**Task statement**
Make an exact transcript of the lines in the data below, starting with the one containing "Cafetera y una" and going on through the one containing "Team Caliber NASCAR", with both included and the pictures left out.

**Records for this task**

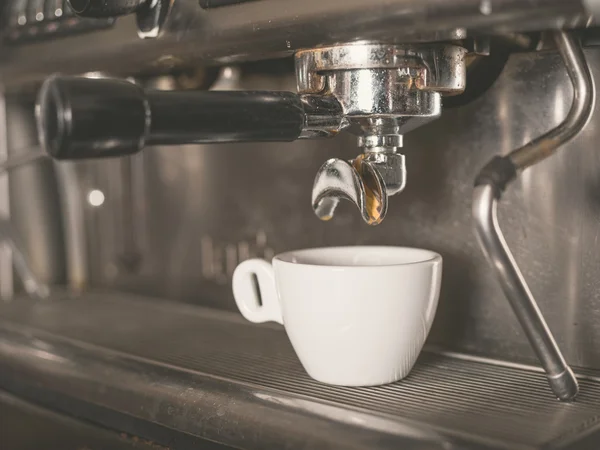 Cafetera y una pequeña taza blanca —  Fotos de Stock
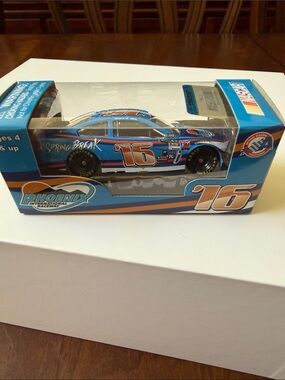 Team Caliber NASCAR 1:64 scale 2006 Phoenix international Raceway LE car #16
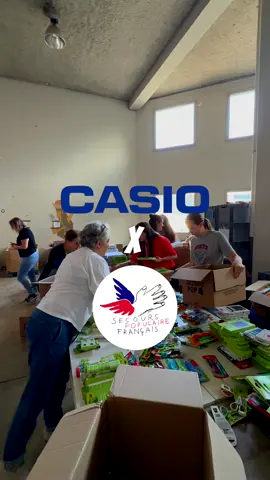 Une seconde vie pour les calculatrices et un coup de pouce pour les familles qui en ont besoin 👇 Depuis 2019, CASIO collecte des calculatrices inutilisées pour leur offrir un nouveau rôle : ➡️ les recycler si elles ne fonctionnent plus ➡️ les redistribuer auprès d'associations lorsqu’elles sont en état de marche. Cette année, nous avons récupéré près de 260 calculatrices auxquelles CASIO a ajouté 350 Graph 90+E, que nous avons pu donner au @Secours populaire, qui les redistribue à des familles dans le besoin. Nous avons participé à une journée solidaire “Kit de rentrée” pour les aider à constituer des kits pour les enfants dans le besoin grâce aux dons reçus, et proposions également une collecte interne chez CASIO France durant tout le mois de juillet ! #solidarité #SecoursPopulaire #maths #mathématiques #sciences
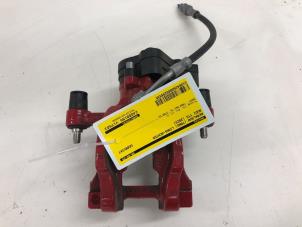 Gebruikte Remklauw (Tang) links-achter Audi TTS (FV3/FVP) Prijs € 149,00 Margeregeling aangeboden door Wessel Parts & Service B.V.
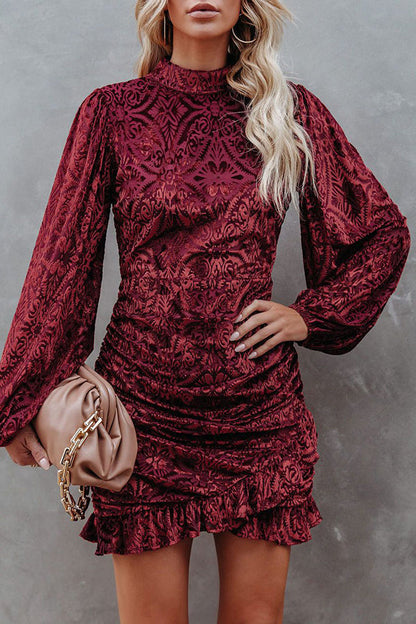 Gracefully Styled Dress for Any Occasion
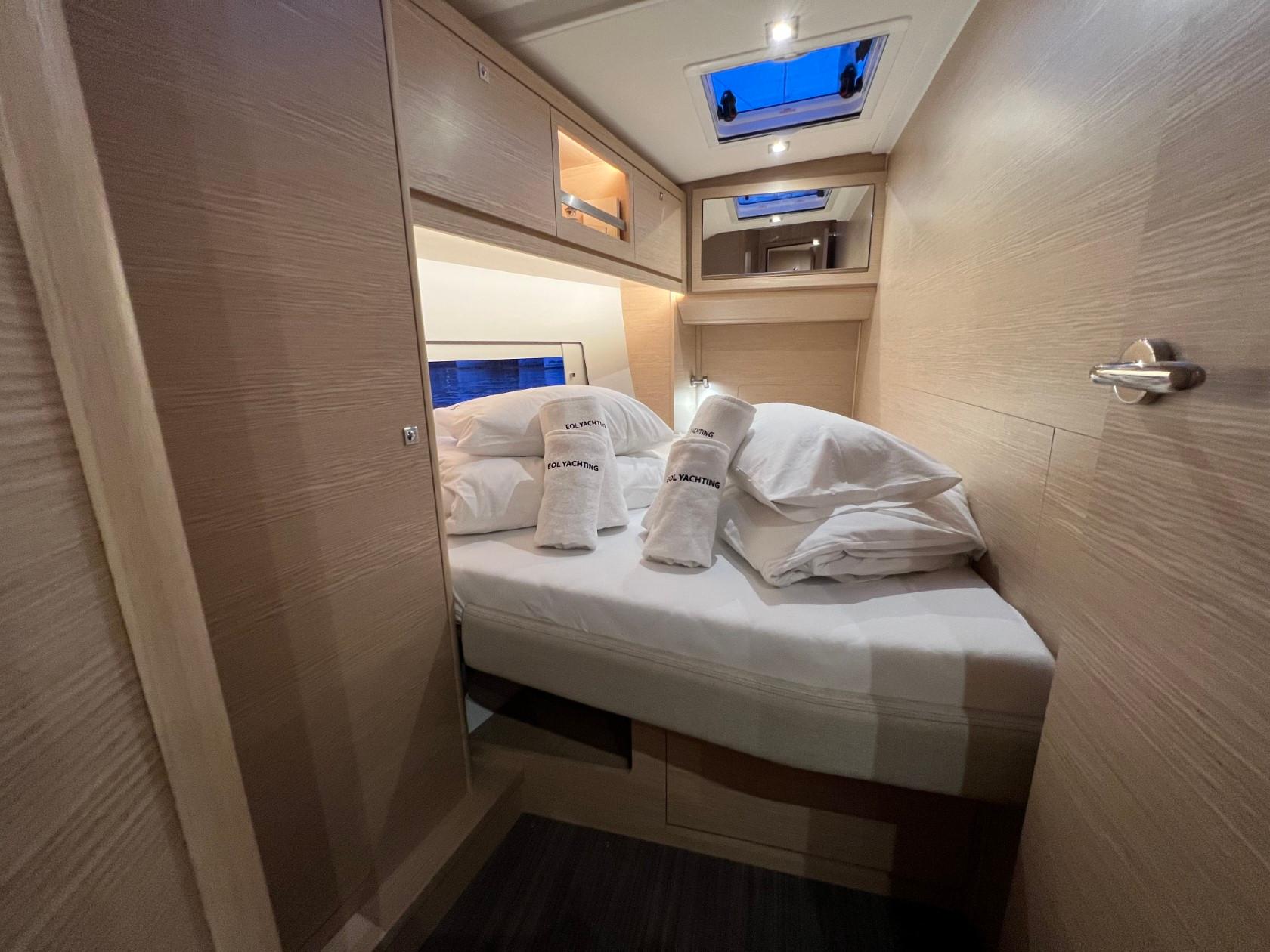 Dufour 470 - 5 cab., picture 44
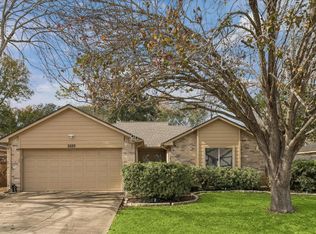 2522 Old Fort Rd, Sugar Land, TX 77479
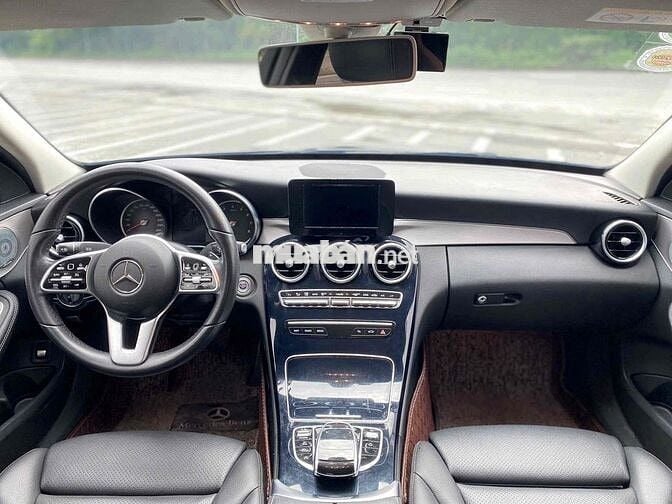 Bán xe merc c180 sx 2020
...
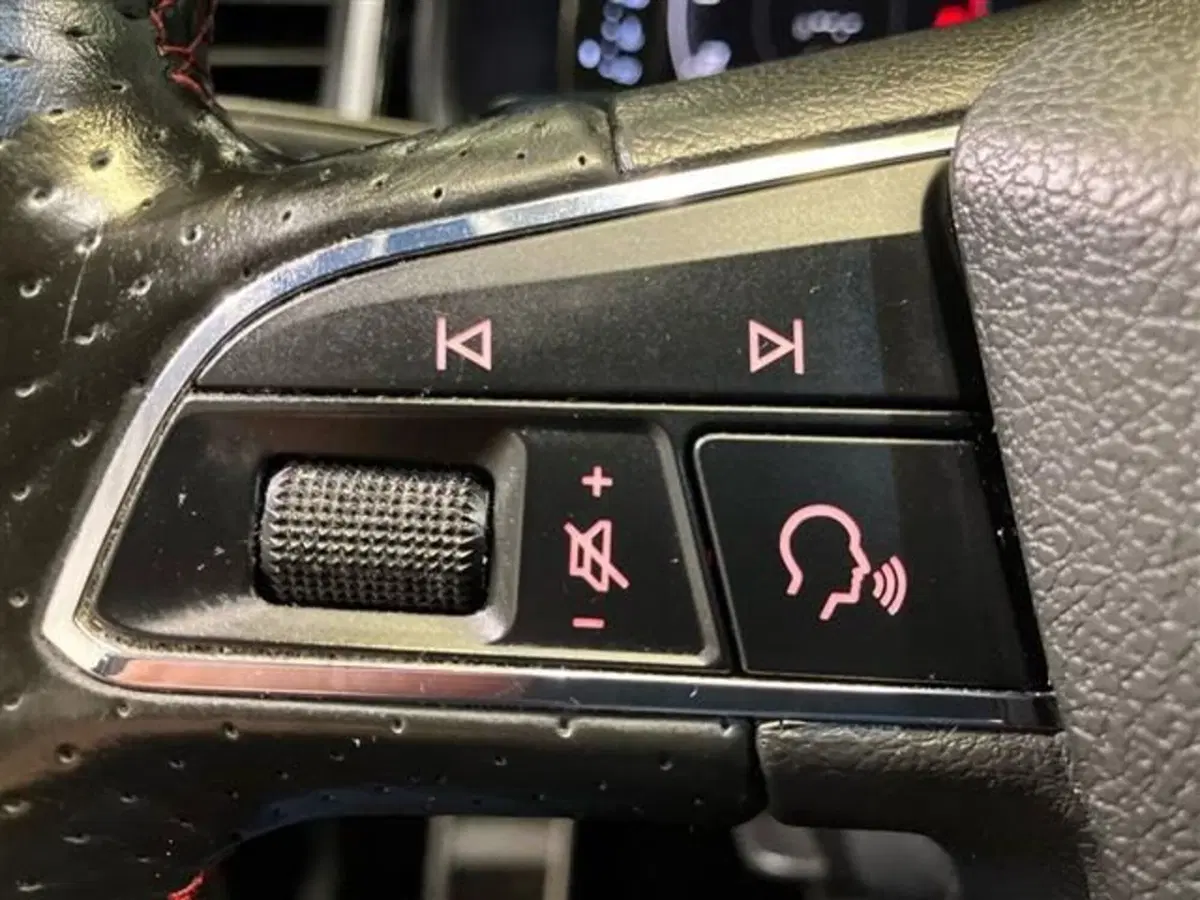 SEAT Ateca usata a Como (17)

**Expected answer**
 Cafetera y una pequeña taza blanca —  Fotos de Stock
 Team Caliber NASCAR 1:64 scale 2006 Phoenix international Raceway LE car #16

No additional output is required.